The fire crackles for the better part of an hour. I am contemplating digging out my pipe again when Danae gets up.
She moves back into her own space, sitting straight up, and adds a few pieces of wood to the fire. Just in the little ways that she brushes back her hair and adjusts her clothing, I can tell that she is coming out of her shock. I need to bring a few things out in the open, and this is as good a time as any.
“While I was disposing of our friends,” I gesture down the hill, “I thought about what happened. They knew exactly where we were and what we were looking for. It wasn’t a coincidence that the Disciple found us, is it?”
She stiffens. “I don’t understand what you mean.”
“Our buddy in black wasn’t keeping an eye on me back in your pub. He was watching you, to make sure you contacted me. When those thugs came around the corner after we left the tavern, they weren’t expecting a fight, they were merely following us. Just like they followed us this morning, on a trail you conveniently left for them every time you dropped back.”
Danae opens her mouth to protest, then lets out a long, slow sigh that seems to physically deflate her. Slowly nodding her head, she stares at the ground while she responds.
“You’re right. But I didn’t have a choice. The Disciple spoke to me in the afternoon just before you came in. He already knew about you, K’Marr, that wasn’t my doing. He even knew about your arrangement with my father, and said you would show up and leave, but he would always know where to find me and Papa. Whatever this thing is that Papa gave you, he wanted it bad. Real bad.”
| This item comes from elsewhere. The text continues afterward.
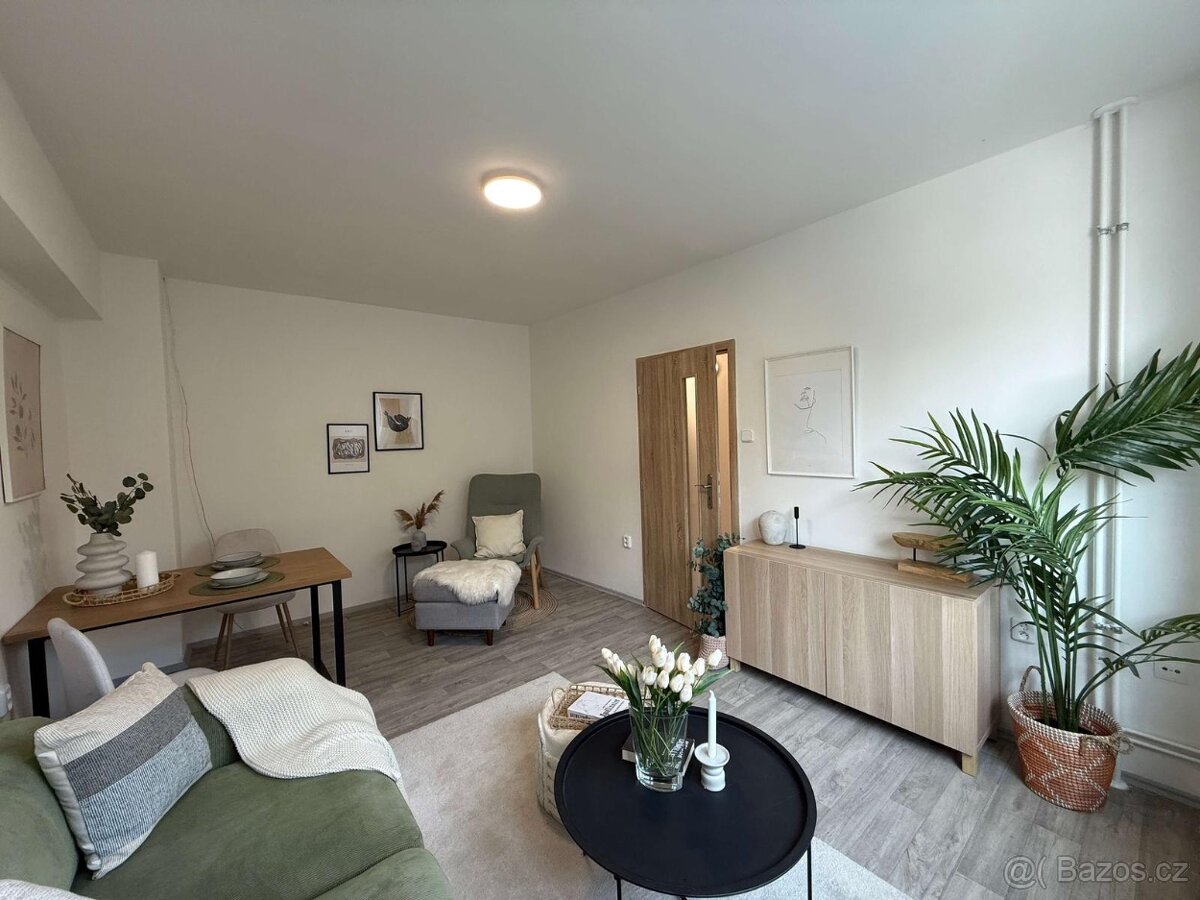 Prodej bytu 1+1 po rekonstrukci – Hodonín - 4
I am silent, lost in my thoughts. Could the Disciple have really known about the generator, or was he just lucky? Other than Wally, no one outside the Archives had any inkling of what we might have found, yet how do I explain that peculiar note? The prospect that the Archives may harbor a traitor is disquieting, to say the least.
“So how much did he pay you?” I ask, probably harsher than I intend.
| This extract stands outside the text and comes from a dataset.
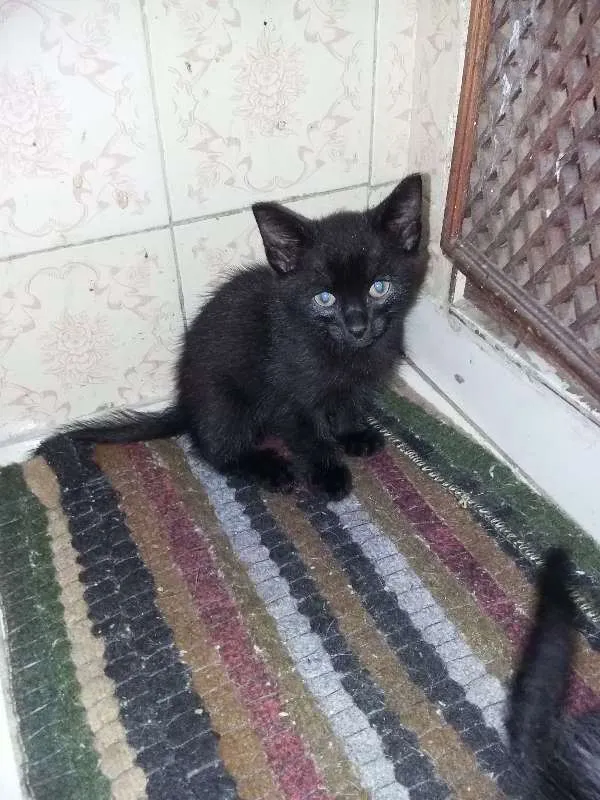 Gato ra a SRD idade 2 a 6 meses nome Minuit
Danae flinches, then turns away from me. “Nothing,” she protests vehemently. “Gold had nothing to do with it. He said that if I didn’t cooperate, they would ambush the two of you anyway and then kill you and Papa. But he promised me that if I went along with it and helped him get what he wanted, no one would get hurt. Plus, Papa could keep what you brought. So you see, I thought… I thought I was saving your lives.” Danae turns back to look at me as she states emphatically, “He wasn’t supposed to kill you.”
I have seen more than my share of actors; the abject regret I see in her face is genuine. As genuine as the price she paid. Still, my anger is close to the surface, and it lashes out in my words. “Really? Don’t do me any more favors, okay?”
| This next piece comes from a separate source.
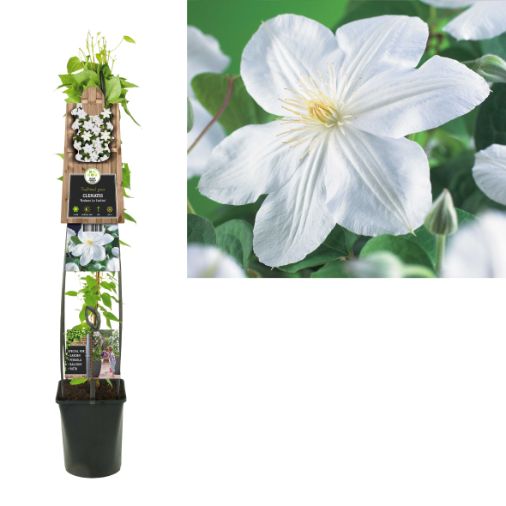 Clematis 'Madame Le Coultre' 3.0 - Grootbladig Wit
Danae shrinks visibly and pulls her blanket tight around herself. At this moment I would just as soon just leave her right here in the wilderness to fend for herself, but I know that is just my anger coming out. The truth is she was naïve and foolish, but to someone encountering them for the first time, Disciples can be quite intimidating.
I am already feeling regret for my harsh words. Nothing will derail righteous anger faster than an unrighteous response. “Look, he might have kept his promise if I hadn’t taken out his men in the alley. But after that it was a matter of Disciple honor to get even with me.”
She simply nods. I promised Doc that I would take care of his daughter, and I will keep my word. At least, for long enough to get her back to town. After that, I think she will want to look out for herself.
Night has fallen fast, with clear skies and a light breeze that blows down the rocky hillside, and is going to carry our scent. I rummage through Doc’s pack for spare clothing, but he did not stash any. One of the hired thugs was on the small side, so I grab his pack and pull out a light leather pullover shirt, which I toss to Danae.
“Your shirt is soaked with blood. I don’t want the smell drawing any unwelcome attention, so change into this and throw your shirt in the fire.”